Instructions for the task:
What should be copied is the stretch of entries below from the line with "I would like" up to and including the line with "You are going to then", exactly and without images.

Listed entries:
__________

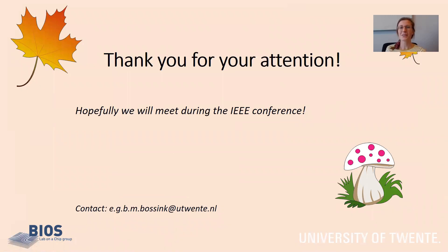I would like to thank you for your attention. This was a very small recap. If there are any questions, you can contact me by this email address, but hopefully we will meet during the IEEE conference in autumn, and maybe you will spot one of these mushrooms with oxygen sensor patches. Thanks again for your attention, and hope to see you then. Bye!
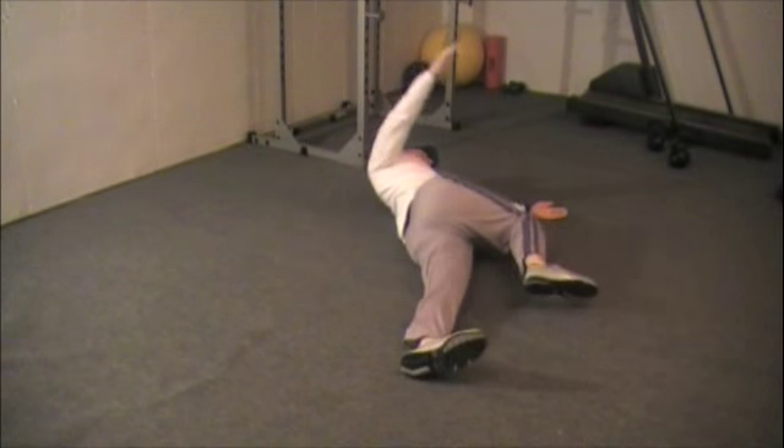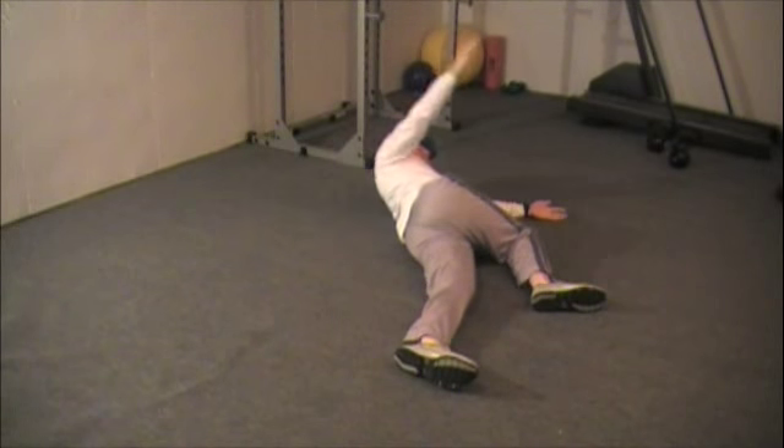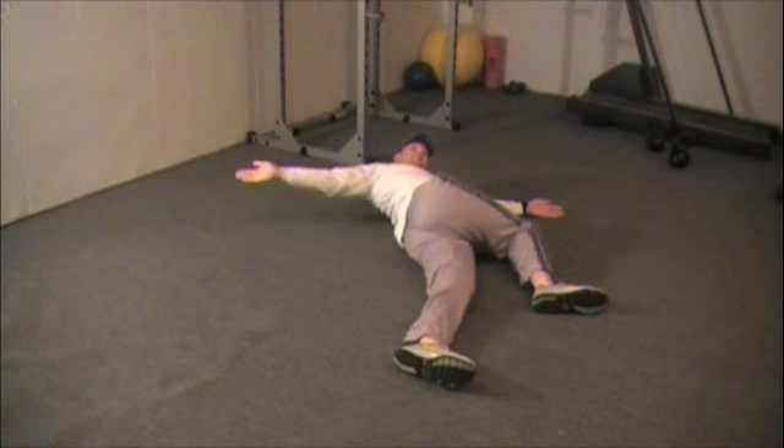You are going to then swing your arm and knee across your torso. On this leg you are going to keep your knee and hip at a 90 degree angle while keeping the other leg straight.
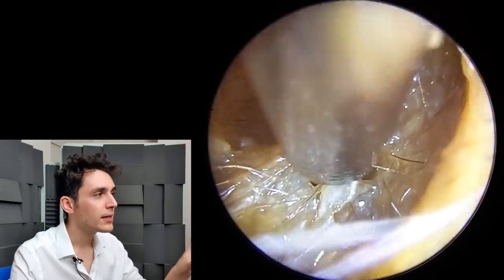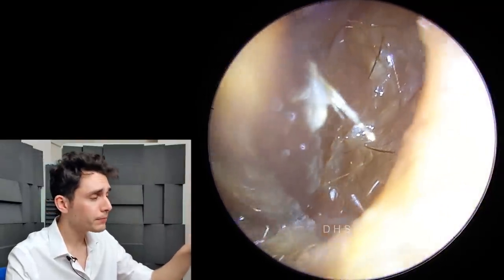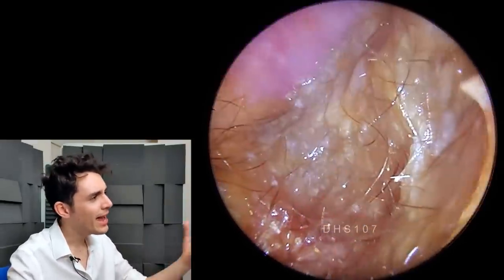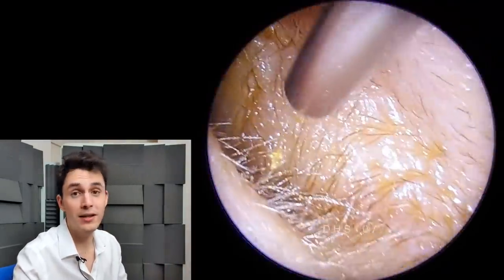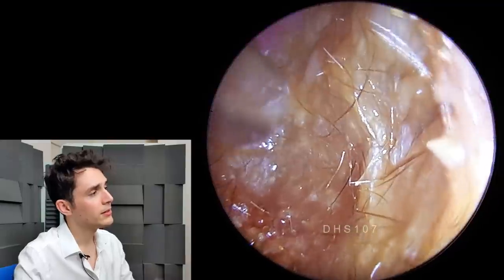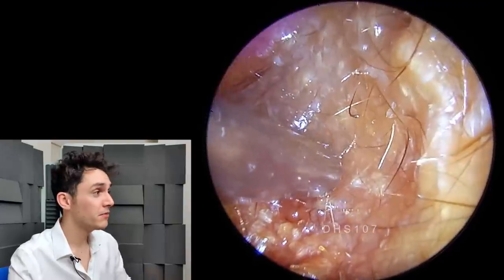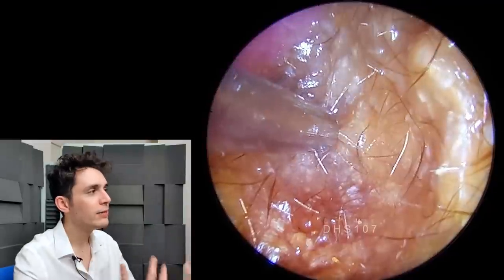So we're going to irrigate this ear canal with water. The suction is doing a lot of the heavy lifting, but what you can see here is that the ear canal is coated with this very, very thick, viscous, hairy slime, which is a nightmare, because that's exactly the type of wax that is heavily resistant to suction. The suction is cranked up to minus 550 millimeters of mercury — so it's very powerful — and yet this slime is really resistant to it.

__________

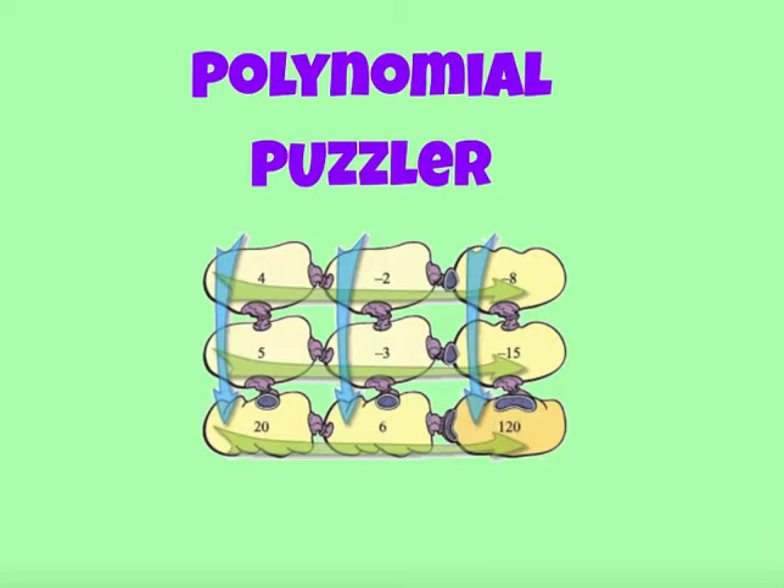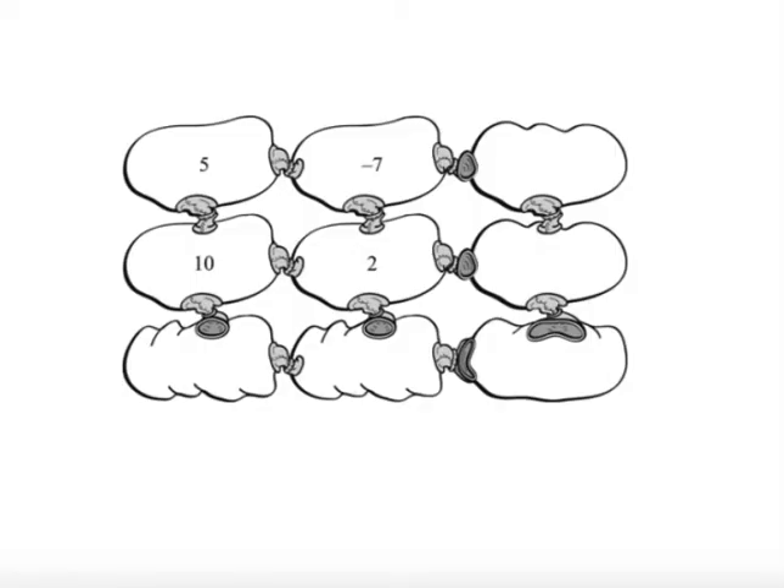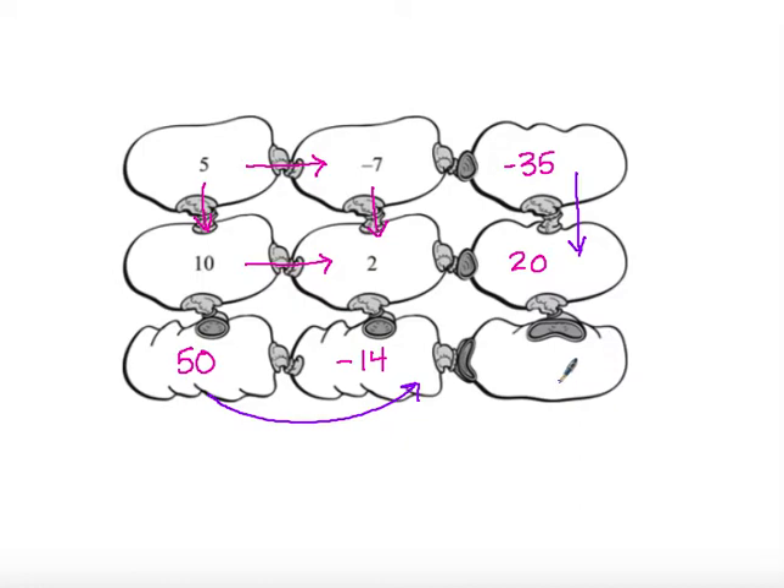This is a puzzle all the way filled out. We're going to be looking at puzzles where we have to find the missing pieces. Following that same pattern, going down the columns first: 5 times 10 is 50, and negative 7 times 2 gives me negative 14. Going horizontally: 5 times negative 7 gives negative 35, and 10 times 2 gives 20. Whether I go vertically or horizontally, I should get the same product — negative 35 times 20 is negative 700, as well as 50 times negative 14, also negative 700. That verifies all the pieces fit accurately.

__________

Answer box:
I would like to thank you for your attention. This was a very small recap. If there are any questions, you can contact me by this email address, but hopefully we will meet during the IEEE conference in autumn, and maybe you will spot one of these mushrooms with oxygen sensor patches. Thanks again for your attention, and hope to see you then. Bye!
You are going to then swing your arm and knee across your torso. On this leg you are going to keep your knee and hip at a 90 degree angle while keeping the other leg straight.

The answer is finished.